EXERCISE:
Exactly how many lines in the entries contain "Kitchen"? Give that number alone.

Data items
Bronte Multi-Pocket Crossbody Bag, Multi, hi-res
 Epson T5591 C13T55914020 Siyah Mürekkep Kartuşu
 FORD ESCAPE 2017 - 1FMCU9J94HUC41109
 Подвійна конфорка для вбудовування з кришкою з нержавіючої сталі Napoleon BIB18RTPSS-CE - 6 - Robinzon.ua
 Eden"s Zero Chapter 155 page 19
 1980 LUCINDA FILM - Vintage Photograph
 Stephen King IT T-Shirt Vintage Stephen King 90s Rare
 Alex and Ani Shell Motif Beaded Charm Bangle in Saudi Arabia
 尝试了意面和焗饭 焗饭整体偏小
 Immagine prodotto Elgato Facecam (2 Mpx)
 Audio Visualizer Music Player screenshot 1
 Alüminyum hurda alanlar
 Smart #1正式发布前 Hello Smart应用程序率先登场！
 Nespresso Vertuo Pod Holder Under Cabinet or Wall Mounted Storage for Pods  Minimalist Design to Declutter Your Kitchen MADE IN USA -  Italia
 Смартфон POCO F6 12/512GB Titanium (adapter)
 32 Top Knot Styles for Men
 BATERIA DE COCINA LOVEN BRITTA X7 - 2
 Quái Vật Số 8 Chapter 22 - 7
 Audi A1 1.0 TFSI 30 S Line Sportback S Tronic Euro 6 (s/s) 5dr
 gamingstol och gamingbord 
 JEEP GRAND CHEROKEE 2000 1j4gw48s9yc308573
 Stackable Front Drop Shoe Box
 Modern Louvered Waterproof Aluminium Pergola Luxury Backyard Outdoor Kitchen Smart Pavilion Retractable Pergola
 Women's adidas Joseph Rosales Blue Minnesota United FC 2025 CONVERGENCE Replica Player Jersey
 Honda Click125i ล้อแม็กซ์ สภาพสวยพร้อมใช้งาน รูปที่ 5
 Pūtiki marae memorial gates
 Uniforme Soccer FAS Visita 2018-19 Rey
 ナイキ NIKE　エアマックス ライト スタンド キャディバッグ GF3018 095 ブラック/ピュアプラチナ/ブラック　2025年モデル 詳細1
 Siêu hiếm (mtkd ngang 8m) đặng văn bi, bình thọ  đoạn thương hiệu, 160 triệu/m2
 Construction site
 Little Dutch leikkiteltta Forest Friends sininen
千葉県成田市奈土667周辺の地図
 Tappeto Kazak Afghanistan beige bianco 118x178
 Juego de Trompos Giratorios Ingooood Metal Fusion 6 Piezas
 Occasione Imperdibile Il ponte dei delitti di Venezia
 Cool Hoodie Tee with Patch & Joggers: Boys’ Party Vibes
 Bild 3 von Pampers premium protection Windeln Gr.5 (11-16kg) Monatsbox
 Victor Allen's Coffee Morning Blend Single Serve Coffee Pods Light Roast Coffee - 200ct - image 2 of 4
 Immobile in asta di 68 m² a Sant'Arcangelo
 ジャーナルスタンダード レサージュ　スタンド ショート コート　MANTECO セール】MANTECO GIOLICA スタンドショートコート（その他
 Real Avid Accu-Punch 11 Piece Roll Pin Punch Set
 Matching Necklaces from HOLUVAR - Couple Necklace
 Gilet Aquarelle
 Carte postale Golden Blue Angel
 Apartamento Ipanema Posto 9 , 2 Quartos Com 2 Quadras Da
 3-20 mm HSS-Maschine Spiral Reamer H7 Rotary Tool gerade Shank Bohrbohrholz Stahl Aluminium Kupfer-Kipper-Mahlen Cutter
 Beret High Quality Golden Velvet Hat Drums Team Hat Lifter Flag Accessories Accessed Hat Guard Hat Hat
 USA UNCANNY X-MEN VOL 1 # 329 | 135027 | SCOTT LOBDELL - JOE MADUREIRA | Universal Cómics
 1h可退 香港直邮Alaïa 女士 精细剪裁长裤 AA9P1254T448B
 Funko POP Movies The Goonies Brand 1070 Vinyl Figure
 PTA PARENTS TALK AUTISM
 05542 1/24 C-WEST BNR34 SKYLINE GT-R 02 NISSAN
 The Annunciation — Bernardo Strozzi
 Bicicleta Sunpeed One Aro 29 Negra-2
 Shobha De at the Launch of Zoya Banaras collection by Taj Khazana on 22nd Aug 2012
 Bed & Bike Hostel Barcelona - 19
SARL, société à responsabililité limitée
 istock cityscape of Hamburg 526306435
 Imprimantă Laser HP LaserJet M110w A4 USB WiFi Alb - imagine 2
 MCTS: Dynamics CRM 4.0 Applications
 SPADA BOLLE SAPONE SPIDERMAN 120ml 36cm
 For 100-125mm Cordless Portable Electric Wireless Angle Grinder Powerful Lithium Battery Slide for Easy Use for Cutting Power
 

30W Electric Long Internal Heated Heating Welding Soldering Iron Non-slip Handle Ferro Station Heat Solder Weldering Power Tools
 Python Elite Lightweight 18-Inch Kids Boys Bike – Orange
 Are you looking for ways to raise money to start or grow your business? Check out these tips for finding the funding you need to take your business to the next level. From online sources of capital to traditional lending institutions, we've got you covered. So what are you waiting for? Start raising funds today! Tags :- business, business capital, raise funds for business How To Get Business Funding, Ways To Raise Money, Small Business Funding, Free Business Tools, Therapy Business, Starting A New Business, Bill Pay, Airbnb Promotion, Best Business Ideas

WRITTEN SOLUTION:
2